The last figure that I saw for staff numbers was either 750 or 755 across both offices. I believe it was the 2017 report of the Comptroller and Auditor General, as discussed at the Committee of Public Accounts, which detailed approximately €50 million of spending on the establishment of the NSSO. In the context of savings or efficiencies, would that be included as part of the overall budget or is it spread across the Civil Service? The office looks after shared services for approximately 127,000 civil servants. Is there good, up to date information available through the office on basic payroll issues, pension entitlements, sick leave, absenteeism, efficiencies and so on? Does the Minister receive a flow of information from the NSSO on all of that? How does the office perform when benchmarked against longer-established equivalents in the UK and Germany?
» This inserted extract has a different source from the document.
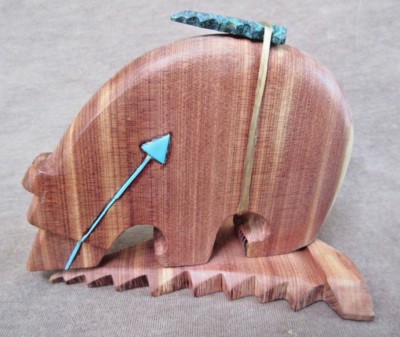Native Zuni  Cedar Wood Bear with Bundle Fetish by Carver Douglas Martza C2222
I will answer the Deputy's last question first, if I may. We will need to do a benchmarking exercise to compare where we are vis-à-vis other European countries. However, my sense is that we need to wait a little bit longer before doing so. The NSSO is still a relatively new organisation. While much of the work that needs to be done in terms of the movement of staff and so on is complete, the office is still young. That said, we will need to do a benchmarking exercise to compare it with peer organisations in the EU.

The Deputy asked about the data flows that are available to me from the office. The office updates me on where we are and the progress being made. In the area of overpayments, for example, on which we want to make more progress, I note that at the end of 2018 there were 2,458 pay-related overpayment cases. That figure now stands at 2,259 outstanding cases. I am informed that the expectation is that by the end of this year, there will be an 8% reduction in such incidents. I get a full set of figures from the office once a year in the context of the preparation of its annual report.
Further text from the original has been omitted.